JERUSALEM: The UN said Wednesday its Gaza child polio vaccination drive was complete, with more than half a million children vaccinated despite the Israel-Hamas war raging in the Palestinian territory.
The World Health Organization and the United Nations children’s agency UNICEF launched a second round of vaccinations in northern Gaza on Saturday after Israeli bombing halted an earlier attempt to do so.
“The second round of the polio vaccination campaign in the Gaza Strip was completed yesterday (Tuesday), with an overall 556,774 children under the age of 10 being vaccinated with a second dose,” said a joint statement.
It “is a remarkable achievement given the extremely difficult circumstances the campaign was executed under.”
Israel’s military has pounded northern Gaza for weeks in a major offensive it says is aimed at stopping Hamas militants from regrouping.

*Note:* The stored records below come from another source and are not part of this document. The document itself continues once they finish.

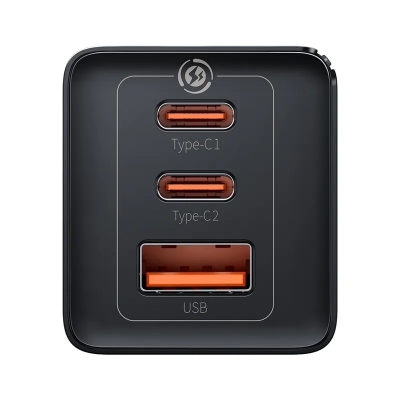 Picture of BASEUS GaN5 Pro Fast Charger 2C+U Three Ports 65W with Type C Cable-Black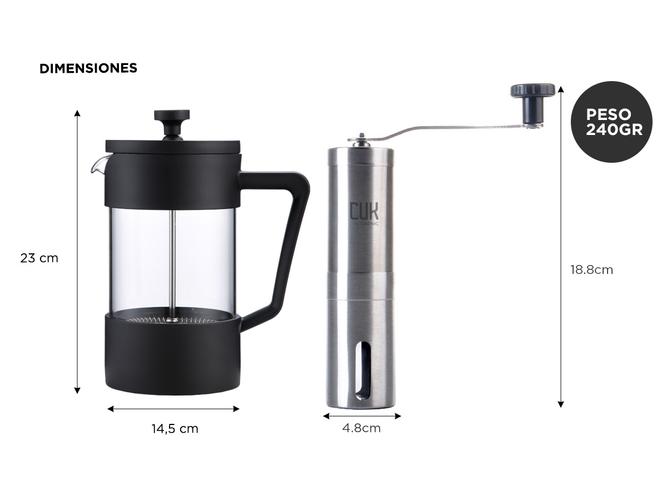 Set Barista Molinillo Cafe Manual + Cafetera Prensa Francesa Manual  - 5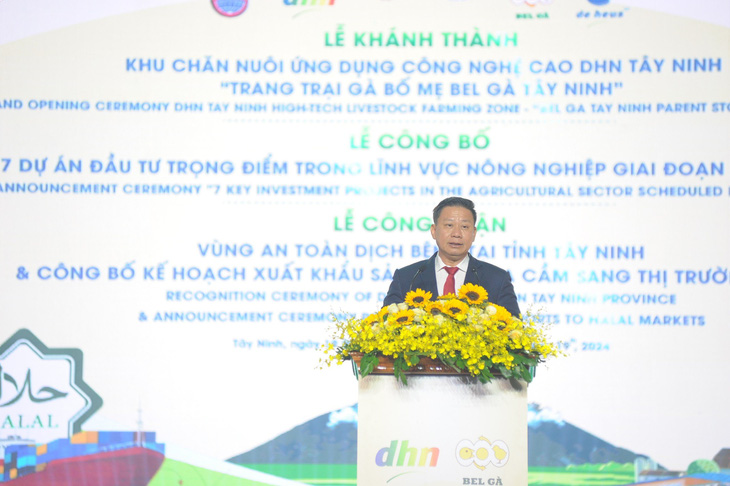 Ông Nguyễn Thanh Ngọc - chủ tịch UBND tỉnh Tây Ninh - phát biểu tại chuỗi sự kiện nông nghiệp Tây Ninh - Ảnh: THU HÀ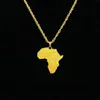 Pendentif Colliers Golden Carte Africaine Hommes Classique Vintage Punk Hip Hop Rock Collier Bijoux Halloween Cadeau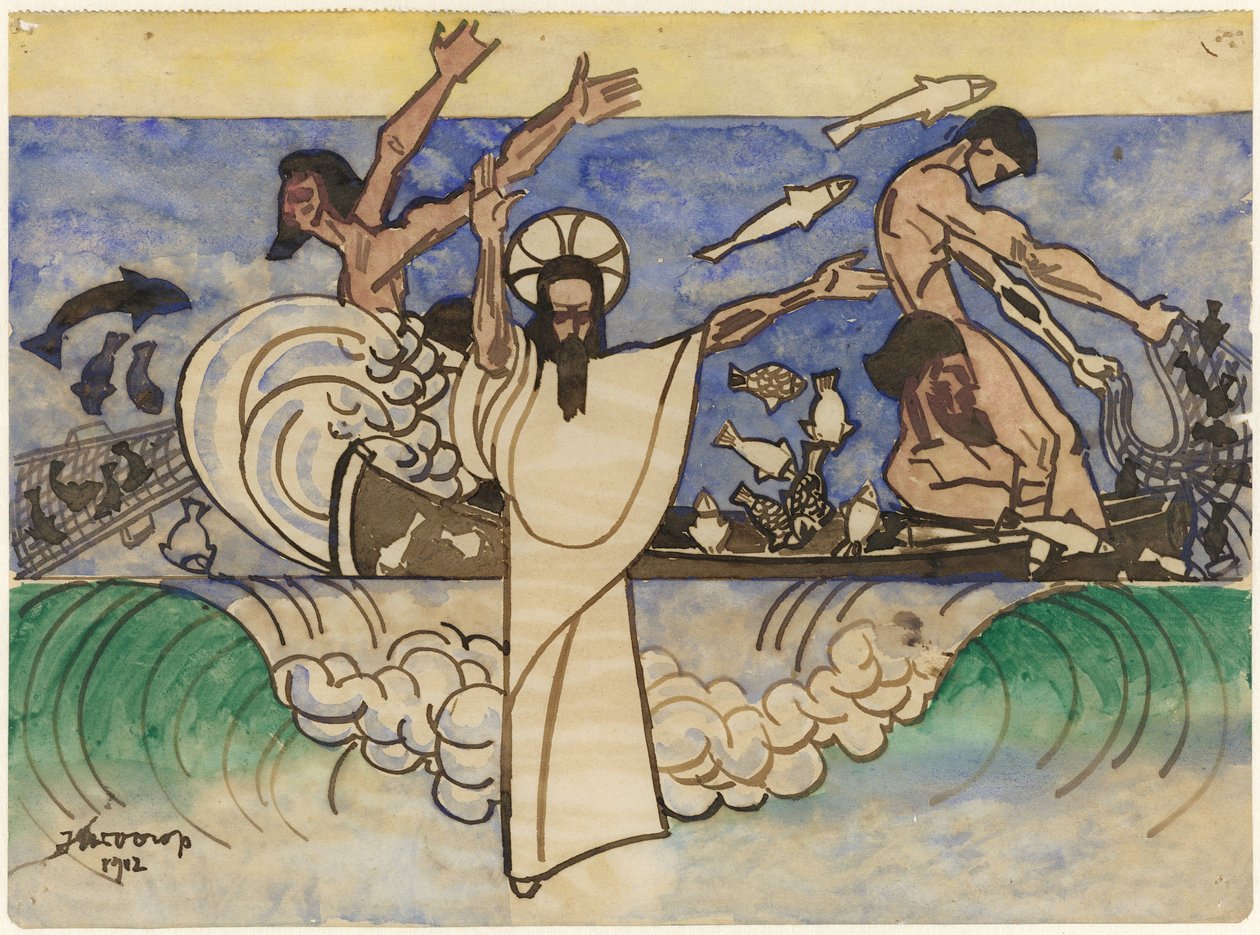 Den mirakulösa fångsten av fisk av Jan Toorop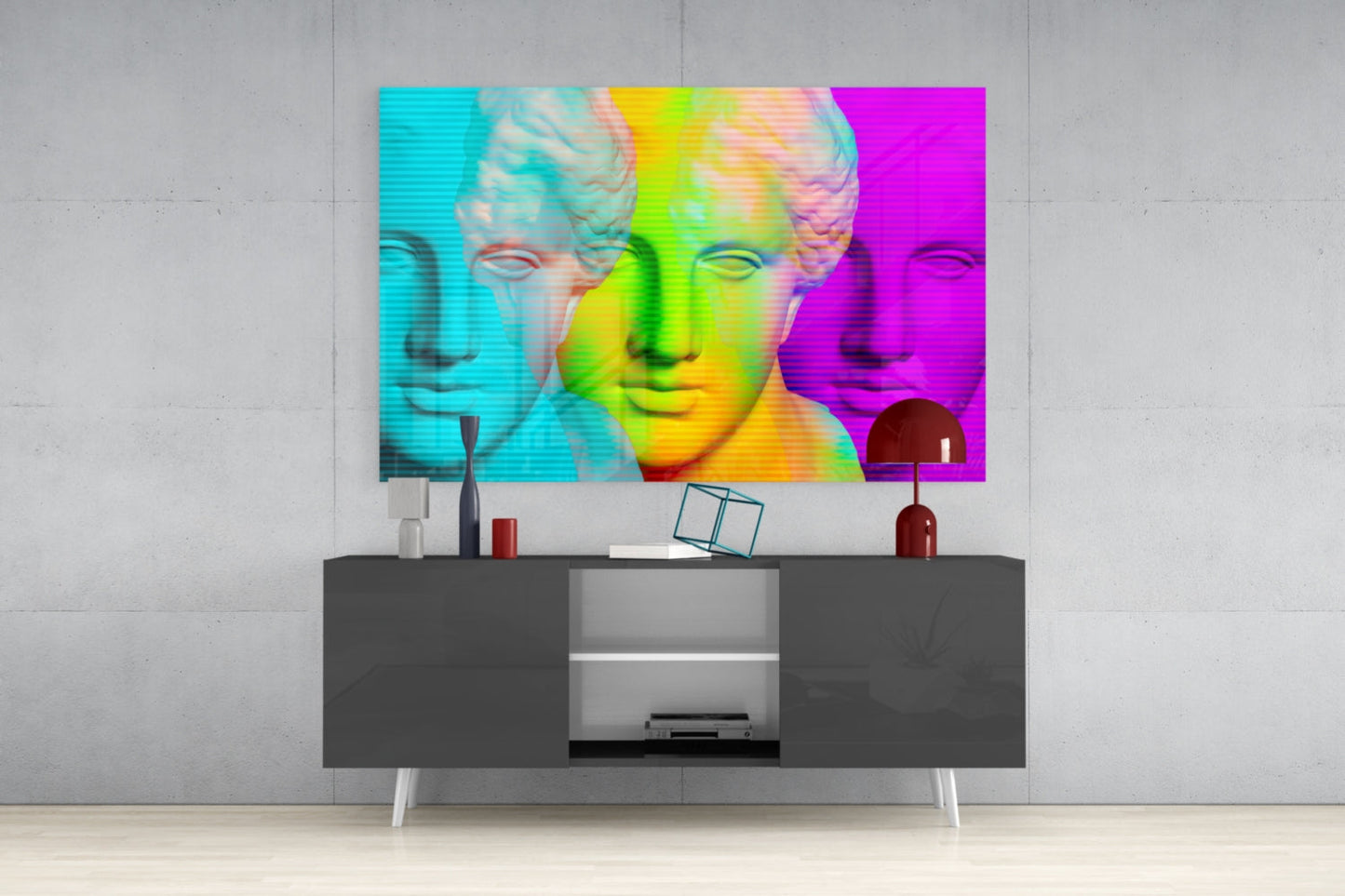 Colorful Statues Glass Wall Art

An estimated 7,000 to 10,000 children are stuck in “inaccessible areas” in the north and “remain unvaccinated and vulnerable to the poliovirus,” the UN organizations said.
The vaccination campaign had been a “success,” according to a statement Wednesday from COGAT, the Israeli defense ministry body that manages civilian affairs in the Palestinian territories.

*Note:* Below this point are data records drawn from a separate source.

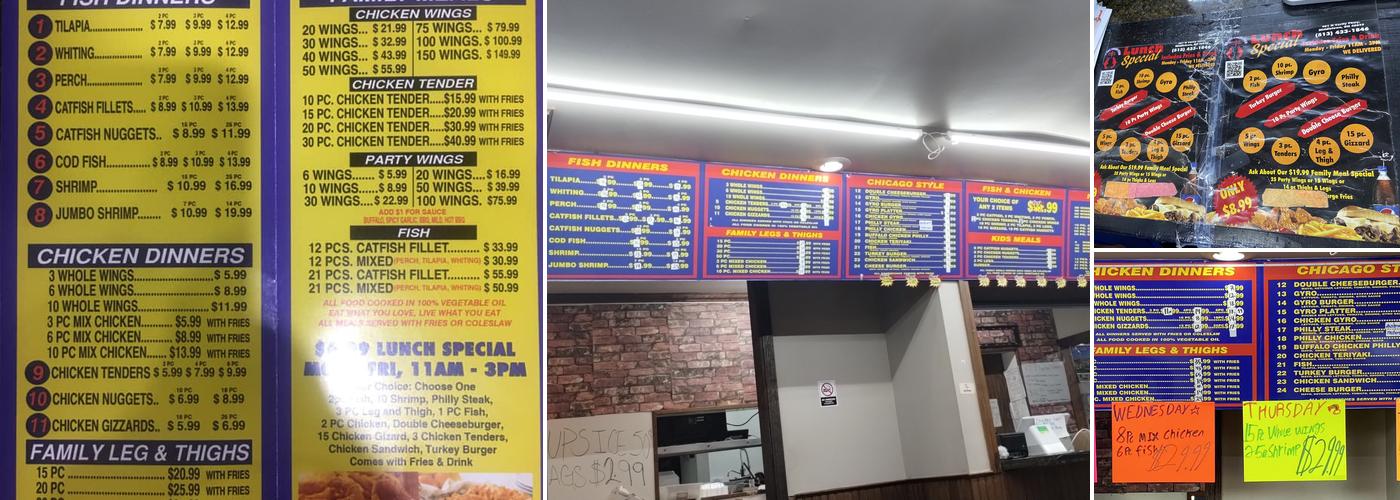 Hook Fish and Chicken Menu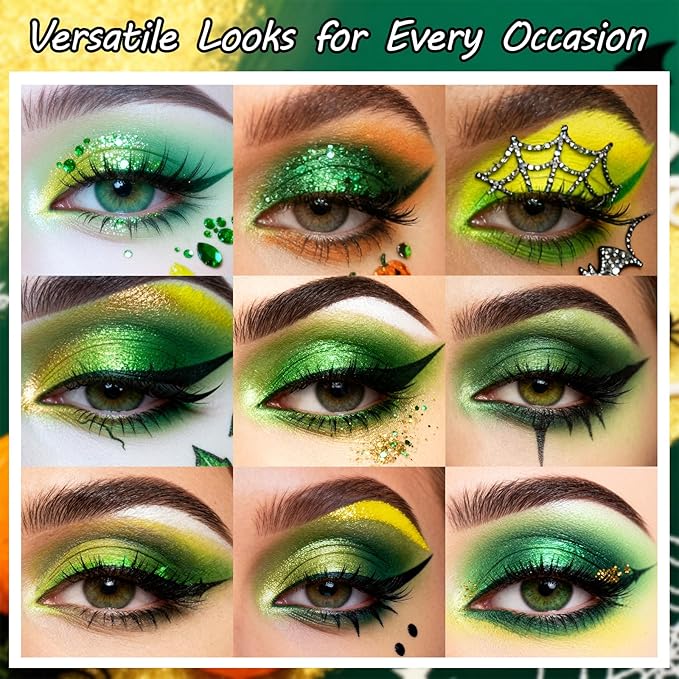 Erinde Green Eyeshadow Palette, 15 Colors Forest Emerald Lime Eye Shadow Palette, Matte Shimmer Metallic Glitter, Highly Pigmented Blendable Smokey Makeup Kit for Cosplay, Halloween & Parties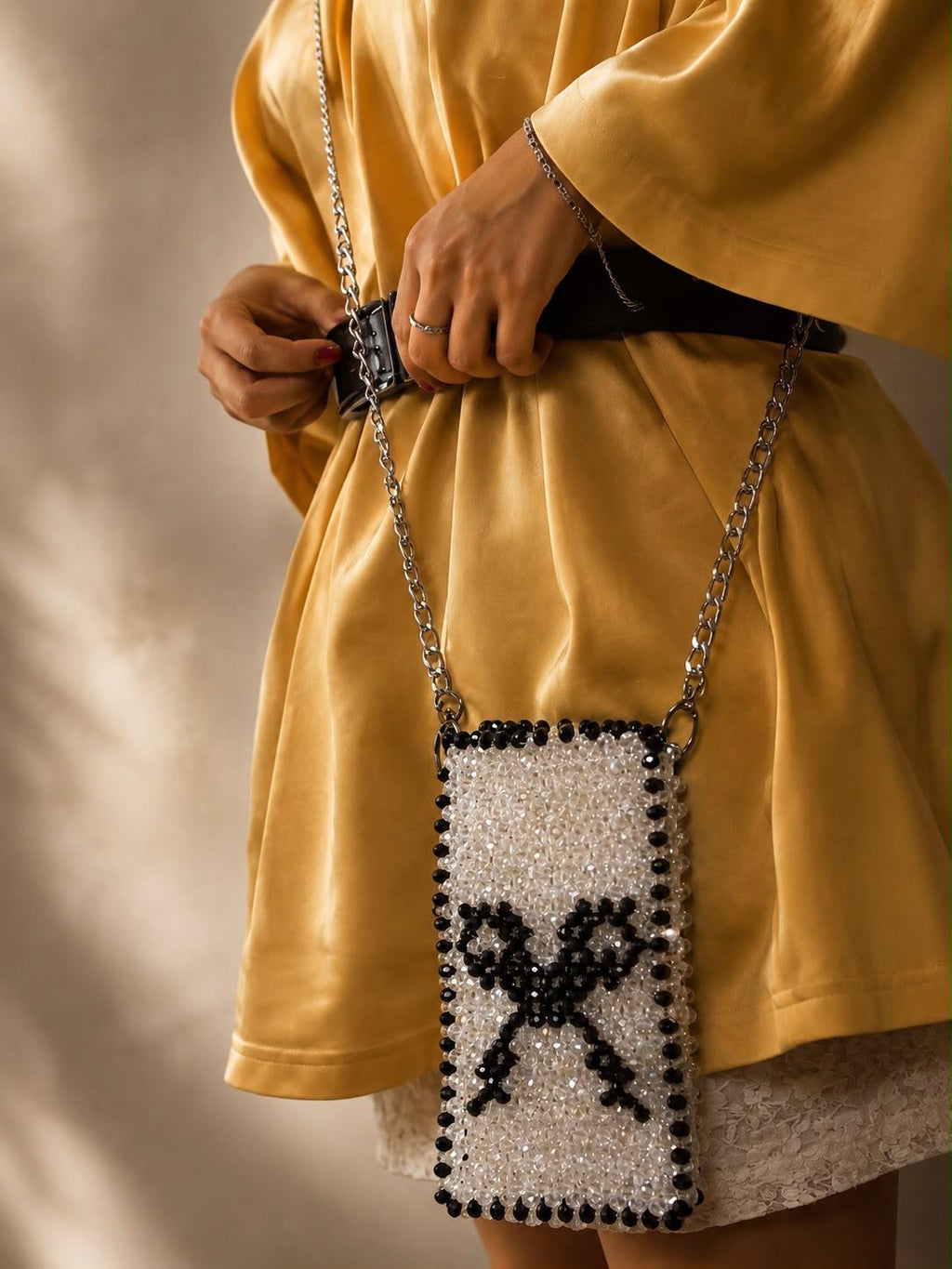 Beaded Bow Phone Bag | Handmade Pearl Crossbody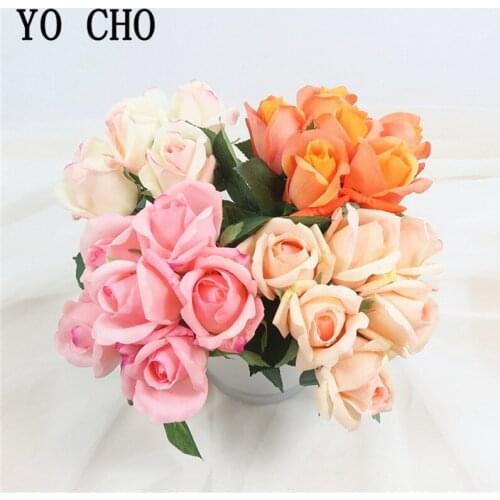 6 Heads/Bouquet Silk Roses Artificial Flowers Silk Roses Bouquet Flowers Wedding Home Table Vase Decoration Fake Rose Flowers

The drive began on September 1 with a successful first round, after the besieged territory confirmed its first polio case in 25 years.
Typically spread through sewage and contaminated water, poliovirus is highly infectious.
It can cause deformities and paralysis and is potentially fatal, mainly affecting children aged under five.
The vaccination campaign was managed primarily by UN agencies including the WHO, UNICEF and UNRWA — the United Nations Relief and Works Agency for Palestine Refugees.
Last month Israel’s parliament adopted a law banning UNRWA’s activities on Israeli territory.
The aid agency remains “the largest primary health care provider in the Gaza Strip,” according to Louise Wateridge, UNRWA’s senior emergency officer.
The WHO said Saturday four children were among six people wounded in a strike on a polio vaccination center in northern Gaza.
It was unclear who carried out the attack.
The UN agencies on Wednesday again called for a ceasefire.
“Humanitarian pauses... must be systematically applied beyond the polio emergency response efforts to other health and humanitarian interventions to respond to dire needs,” they said.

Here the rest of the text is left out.